The GDPR is limited on specifics about how you need to host and manage your software. This is deliberate, given how quickly technology changes. There are, however, some core principles;
- Systems must be secure by design and by default (Article 25) This very open-ended statement in the GDPR puts the onus on you to keep up with best practice.
- You must ensure that your processing is done in a manner that ensures "appropriate security" of the data using both technological and organisational measures and that these measures are periodically tested.
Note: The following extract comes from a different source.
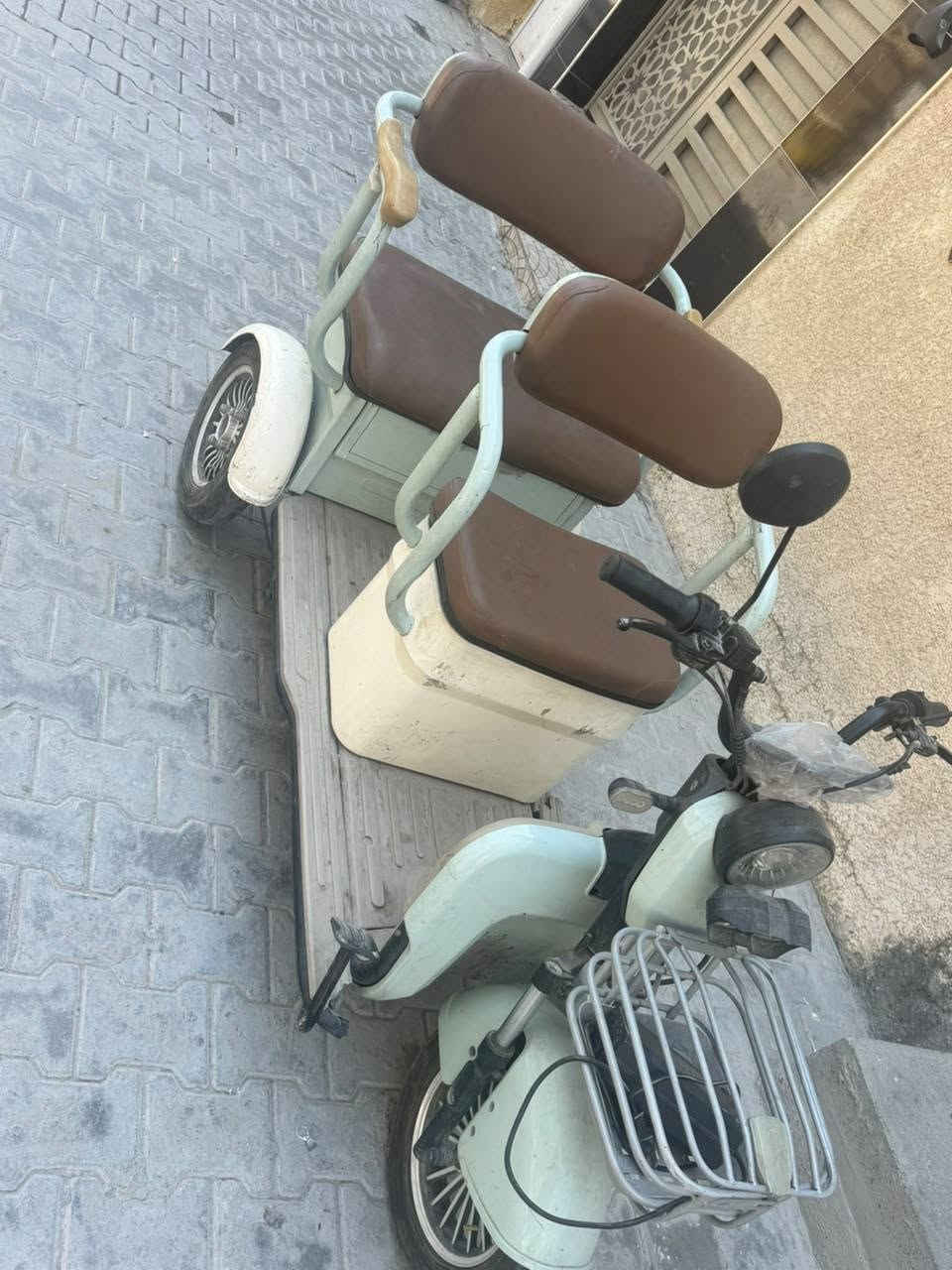 السلام عليكم دراجه شحن ٣ عجلات شغاله كامله جميع المواصفات كامله رايدها ب٦٠٠ قفل   عنواني بغداد الوشاش رقم ***********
See Article 5.1.f, 24 and 32 or Recitals 74 and 78.
- Report data breaches within 72 hours of becoming aware.
Recital 78 also talks about the need to establish technological and organisational measures to ensure that breaches are identified quickly.
- Encryption is not required by the GDPR, but is specifically referenced and recommended.
- Losing the data, as in the data being deleted and you don't have a backup, is also considered a data breach under the GDPR, meaning that an inadequate backup strategy will put you in breach of the GDPR.
From an Ops point of view, it is important to understand that the GDPR puts just as much emphasis on having appropriate processes in place as it does on technological protection; You need to limit which of your own people can access which data and track what they do with it, not just focus on foiling external attackers. For many smaller organisations this is often something that has not been considered before and will require both effort and, often, a change of culture.
At the same time, the GDPR is clear that you need to assess the risk; The level of security you have to apply depends on your risk assessment, there is no fixed set of requirements.
The first step, as always, is to ensure your application developers have done what they can to make sure the software itself is as solid as can be.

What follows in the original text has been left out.